======== Data for this task

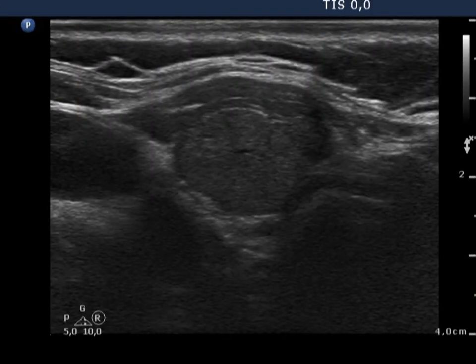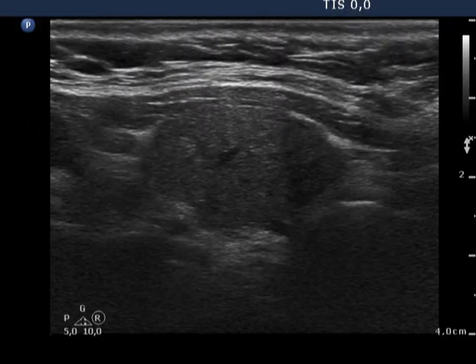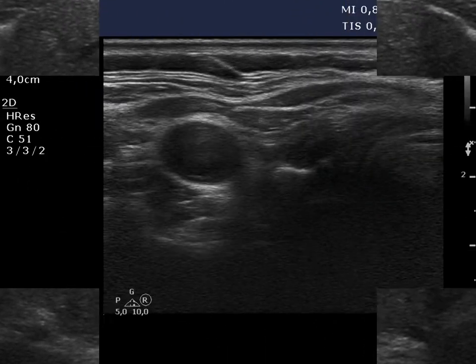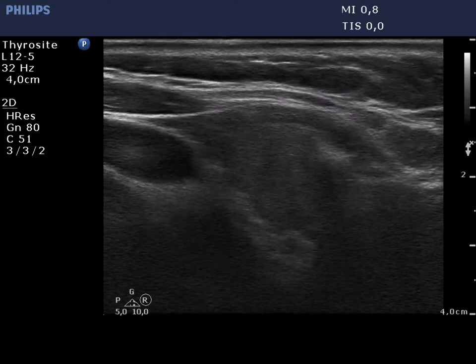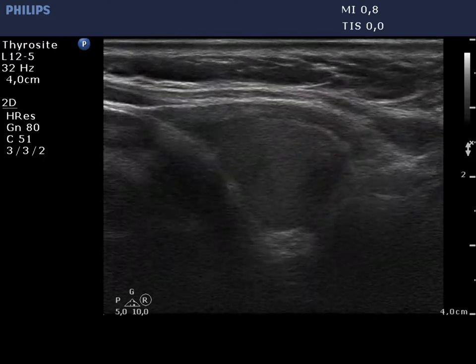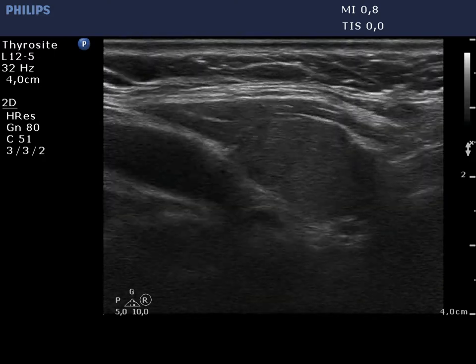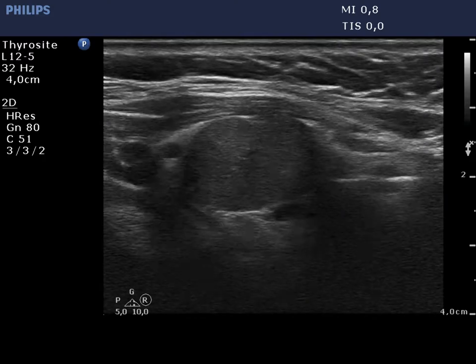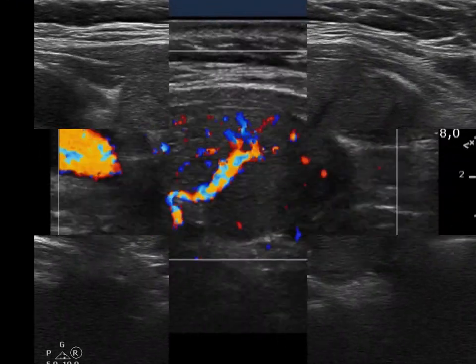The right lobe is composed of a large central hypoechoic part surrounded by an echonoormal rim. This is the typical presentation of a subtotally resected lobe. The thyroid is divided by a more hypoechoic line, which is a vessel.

================
======== Data for this task

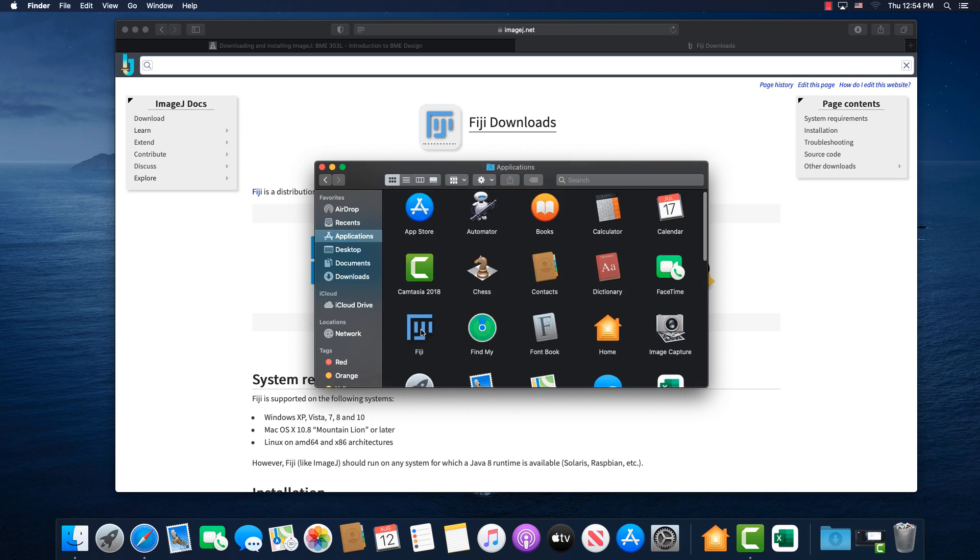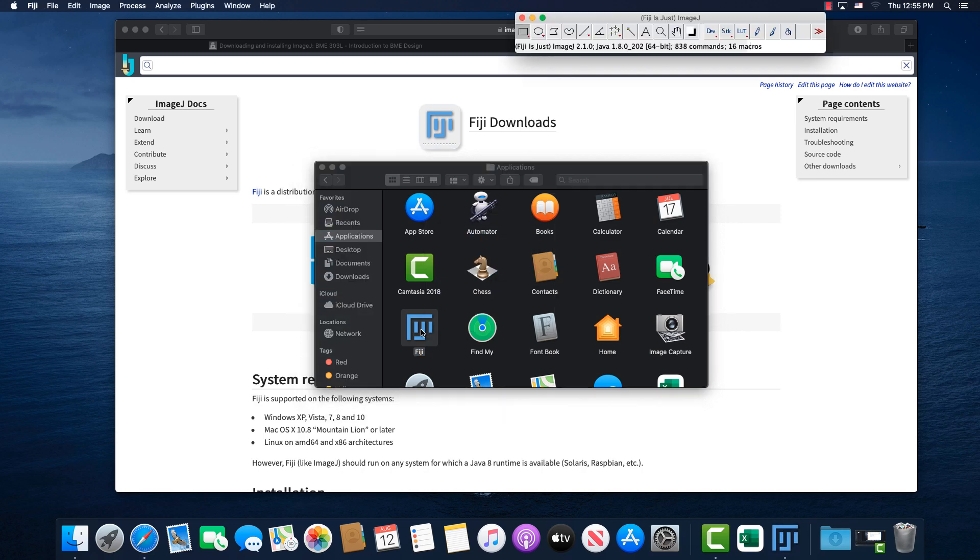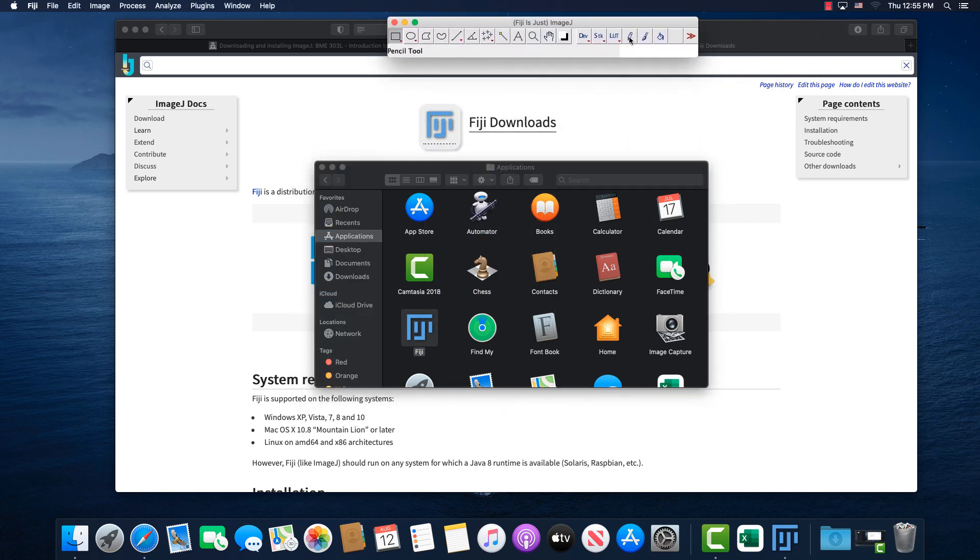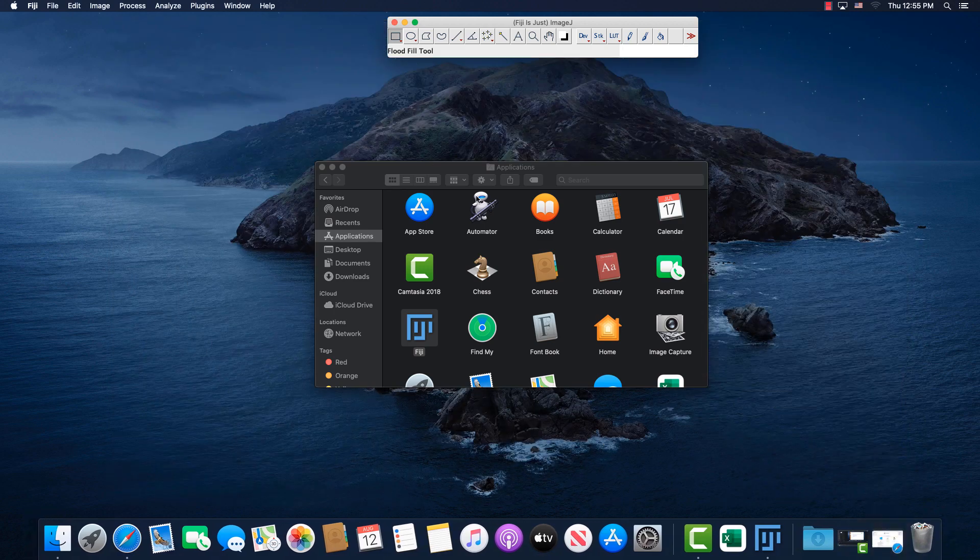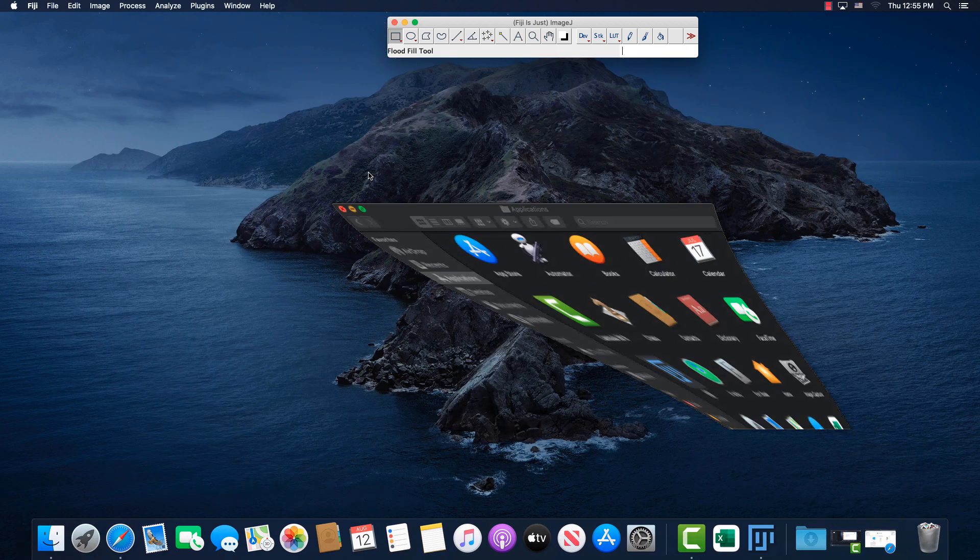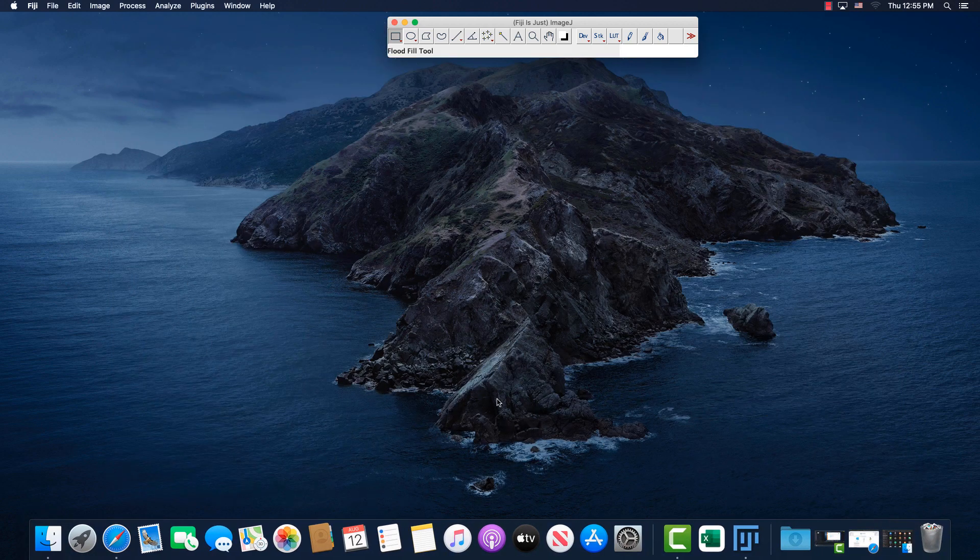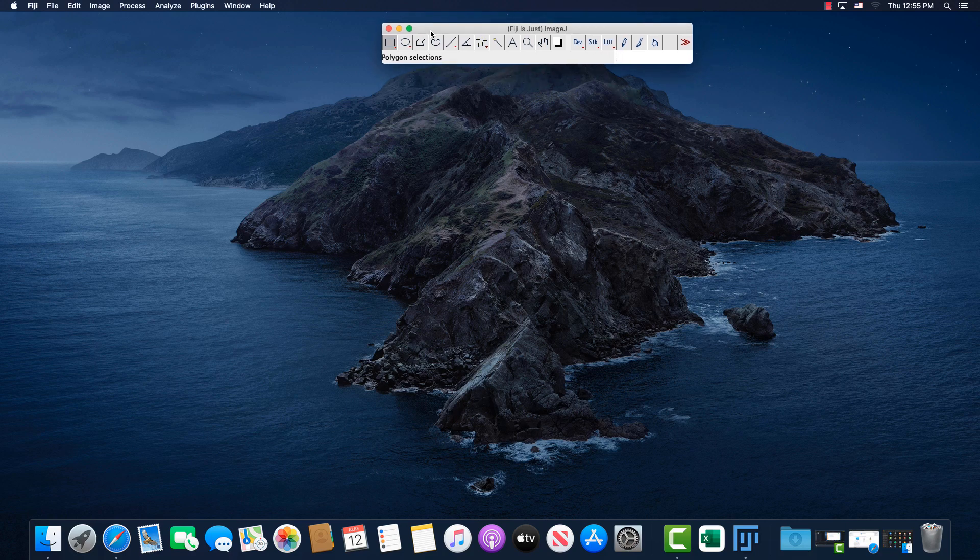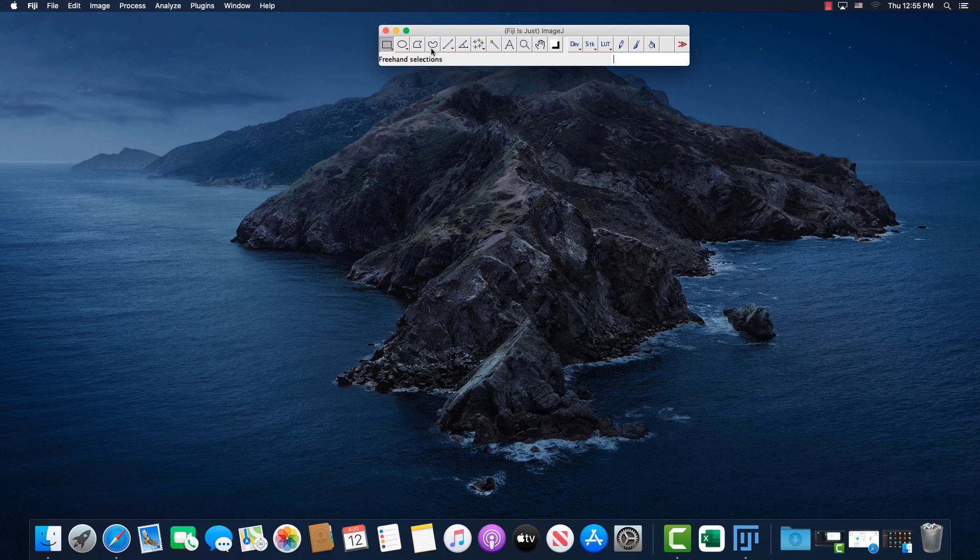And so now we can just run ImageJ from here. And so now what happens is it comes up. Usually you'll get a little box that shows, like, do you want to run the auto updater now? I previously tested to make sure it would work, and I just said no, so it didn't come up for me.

================
======== Data for this task

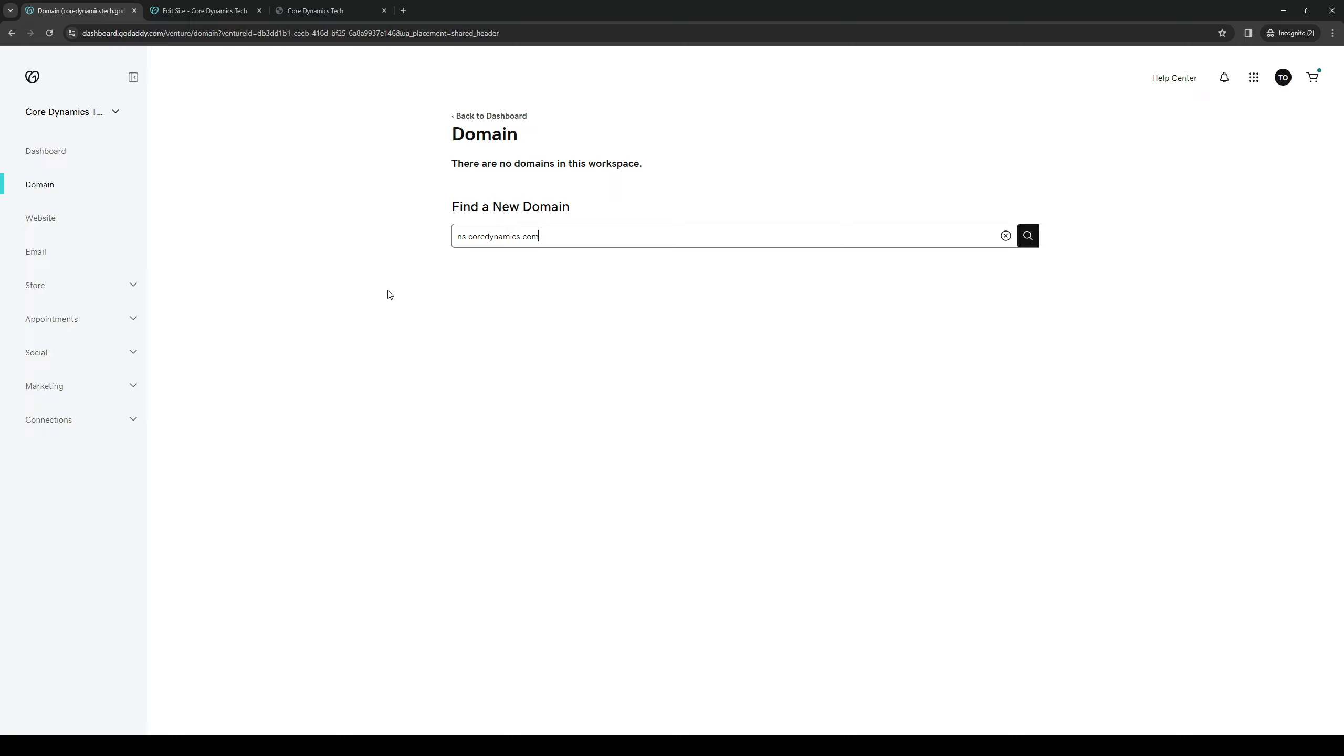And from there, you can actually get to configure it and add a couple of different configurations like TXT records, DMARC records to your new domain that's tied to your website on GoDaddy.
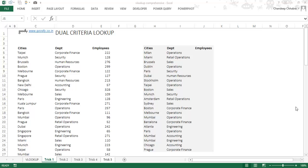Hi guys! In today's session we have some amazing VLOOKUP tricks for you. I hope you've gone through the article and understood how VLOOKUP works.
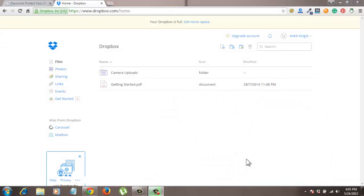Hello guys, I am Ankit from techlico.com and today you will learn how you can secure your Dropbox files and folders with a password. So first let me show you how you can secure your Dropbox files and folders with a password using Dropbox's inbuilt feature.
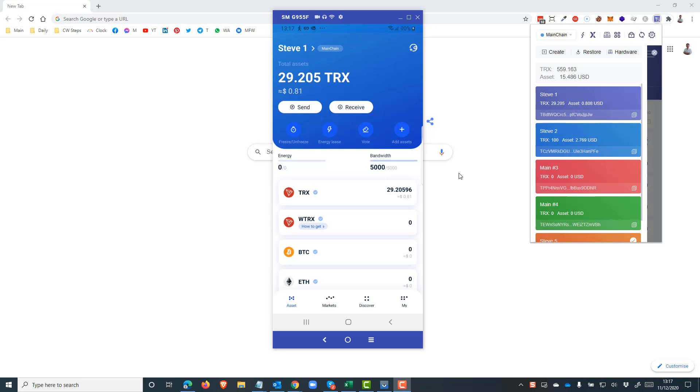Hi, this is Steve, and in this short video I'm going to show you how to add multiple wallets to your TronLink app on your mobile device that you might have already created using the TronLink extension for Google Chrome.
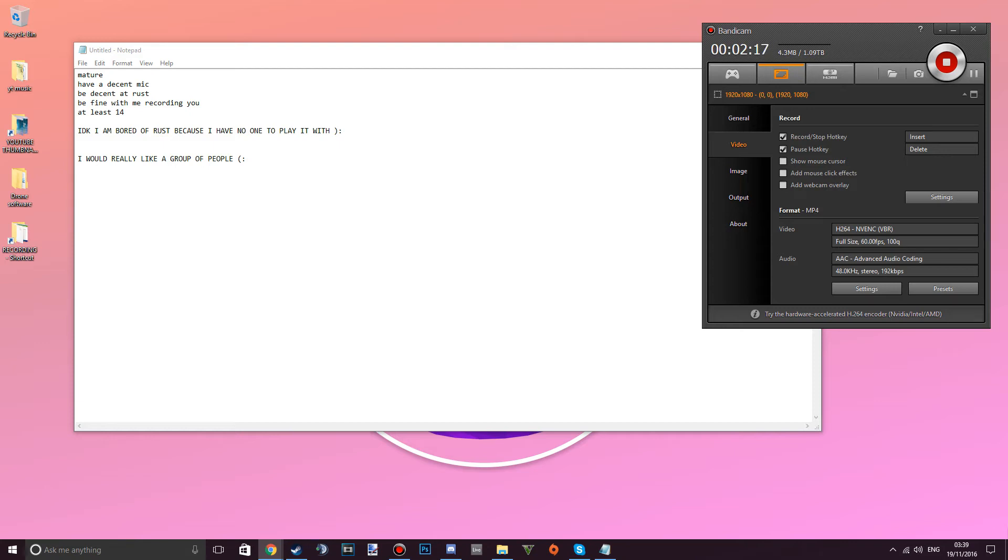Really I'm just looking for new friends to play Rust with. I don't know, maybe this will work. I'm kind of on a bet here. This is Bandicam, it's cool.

================

» **Instructions for the task**
Here the job is to copy the listing above word for word, starting at the line with "Hello guys, I" and ending at the line with "Really I'm just", and to leave out the pictures.

» **Your response**
Hello guys, I am Ankit from techlico.com and today you will learn how you can secure your Dropbox files and folders with a password. So first let me show you how you can secure your Dropbox files and folders with a password using Dropbox's inbuilt feature.
Hi, this is Steve, and in this short video I'm going to show you how to add multiple wallets to your TronLink app on your mobile device that you might have already created using the TronLink extension for Google Chrome.
Really I'm just looking for new friends to play Rust with. I don't know, maybe this will work. I'm kind of on a bet here. This is Bandicam, it's cool.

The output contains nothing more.